Il y a une quinzaine de jours le groupe Future Islands, originaire de Baltimore, passait à la Cigale. Si vous ne les connaissez pas, vous pouvez encore vous rattraper. Ce trio (Samuel Herring au chant, William Cashion à la basse et J. Gerrit Welmers aux claviers) formé en 2006 délivre une pop accessible mais pas commerciale, propulsée par des synthés accrocheurs et une basse puissante (une vraie hein pas un truc fait par ordinateur).
Ils en sont déjà à leur quatrième album, mais c'est avec le dernier sortis en 2014 et intitulé Singles que leur notoriété commence à grimper. Notamment grâce à une fameuse performance au Late Show de David Letterman qui a fait le buzz.

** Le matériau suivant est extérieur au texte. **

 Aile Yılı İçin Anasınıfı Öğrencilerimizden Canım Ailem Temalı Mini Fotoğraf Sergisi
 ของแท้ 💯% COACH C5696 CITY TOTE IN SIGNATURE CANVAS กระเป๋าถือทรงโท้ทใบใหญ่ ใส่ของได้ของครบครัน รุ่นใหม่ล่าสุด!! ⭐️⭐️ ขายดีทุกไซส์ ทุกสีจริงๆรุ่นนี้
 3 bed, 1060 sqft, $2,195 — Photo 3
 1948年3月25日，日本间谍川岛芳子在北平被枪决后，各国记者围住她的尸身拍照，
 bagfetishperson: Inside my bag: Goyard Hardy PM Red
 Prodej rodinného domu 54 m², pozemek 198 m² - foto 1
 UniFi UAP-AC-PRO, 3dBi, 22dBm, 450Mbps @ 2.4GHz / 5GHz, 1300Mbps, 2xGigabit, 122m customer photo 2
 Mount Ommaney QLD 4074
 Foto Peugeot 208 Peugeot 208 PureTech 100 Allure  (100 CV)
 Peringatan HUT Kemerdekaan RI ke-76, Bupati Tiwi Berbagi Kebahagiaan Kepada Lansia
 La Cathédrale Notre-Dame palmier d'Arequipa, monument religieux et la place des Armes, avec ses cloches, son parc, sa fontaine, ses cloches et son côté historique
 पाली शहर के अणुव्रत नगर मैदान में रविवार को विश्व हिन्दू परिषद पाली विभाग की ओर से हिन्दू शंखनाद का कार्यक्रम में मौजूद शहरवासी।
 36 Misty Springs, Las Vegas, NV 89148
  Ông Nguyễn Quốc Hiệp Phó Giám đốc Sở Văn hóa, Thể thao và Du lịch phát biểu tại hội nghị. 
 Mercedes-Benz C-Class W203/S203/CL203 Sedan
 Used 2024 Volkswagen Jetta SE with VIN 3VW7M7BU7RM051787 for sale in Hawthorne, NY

Moi je l'avoue, je ne les ai découverts que l'année dernière. Mais quelle découverte. Singles est un très bon album, dont chaque chanson relègue les tubes pop qui passent à la radio au rang de m**de qui leur va bien. On passe du single qui reste dans la tête avec Seasons (Waiting On You) au magnifique et mélancolique Fall From Grace. Ce concert m'a permis de découvrir également leur deuxième album datant de 2010, In Evening Air. Toujours pop mais plus violent, plus direct, cet album est une bonne claque musicale malheureusement restée peu connue.
Mais au-delà d'une musique puissante et accrocheuse, le groupe se distingue par son élément le plus important: Samuel Herring, son chanteur et front man. En écoutant leurs albums, sa voix surprend, d'abord. Puis on s'y habitue et on se rend compte que c'est de là que vient tout le charme du groupe. Herring nous attire avec lui dans sa musique, grâce à sa voix grave et magnifique (il pourrait facilement se reconvertir dans un groupe de métal) et à ses paroles simples mais efficaces. Il dégage une énergie et une sincérité qui ne peuvent que toucher. Ce qui est confirmé et même amplifié quand on le voit en live. Jusqu'au 2 avril, je n'avais vu des concerts du groupe que sur Youtube. Et déjà je m'étais rendu que quelque chose d'inhabituel habitait cet homme. Sa façon improbable de danser, cette voix qui peut partir dans tous les sens à n'importe quel moment et ce regard si fort. J'attendais donc beaucoup de ce concert à La Cigale. Et je n'ai pas été déçu. Petit résumé.
La première partie, assurée par Chiffon ( https://chiffon.bandcamp.com/album/marble) est loin d'être mémorable et tout le monde attend la suite. Bien deux heures après l'heure indiquée sur les billets, le groupe arrive donc enfin sur scène. Ça commence avec Give Us The Wind, que je ne connaissais pas, mais tout le monde est déjà à fond. Le groupe enchaîne avec Back In The Tall Grass, que je connais déjà beaucoup mieux, chanson mid-tempo qui semble ne jamais vraiment commencer, ce qui lui donne une sensation toute particulière. Les trois musiciens sont tranquilles, bougent très peu et se contentent de jouer leur partition au mieux tandis que la foule danse. Mais à ce moment, des goûtes de sueur coulent déjà du chanteur. Herring ne chante pas, il est possédé. Tout son corps vibre au son de la musique, ne laissant personne indifférent. Il combine les différents gimmicks de danse qu'on lui connait bien (dont la magnifique danse de jambes du Moskau de Dschinghis Khan http://peffou.free.fr/gif/Moskau.gif) à une mise en scène des chansons parfois délirante, parfois émouvante (le regard vers le ciel lors de A Song for Our Grandfathers). Une ou deux fois, il s'agenouille et se met à pleurer. On ne sait plus dans ces moments où est la sincérité et où est le jeu. Qu'est-ce qui est vrai, qu'est-ce qui est faux dans ce qu'Herring nous montre de lui ? Mais même si c'est faux, tout le monde est convaincue, dont moi, et chaque fois que le chanteur montre un signe de faiblesse sentimentale, toute la salle se met à crier pour le soutenir. Les chansons plus pop et dansantes, comme Balance ou Spirit, on un succès énorme et personne ne peut s'empêcher de bouger. Le rappel sur la grandiose Vireo's Eye et la très calme Little Dreamer finissent d'achever tout le monde. Le concert fut un peu court (1h30 pas plus) mais intense. On se rappelle longtemps des regards qu'adresse le chanteur à la foule, fixant parfois une seule personne pendant un certain temps, comme pour traverser son âme. Future Islands ne produit peut-être pas la musique la plus originale du moment, mais a su se créer une réelle réputation de donneurs de concerts mémorables , qui est justifiée je vous l'assure.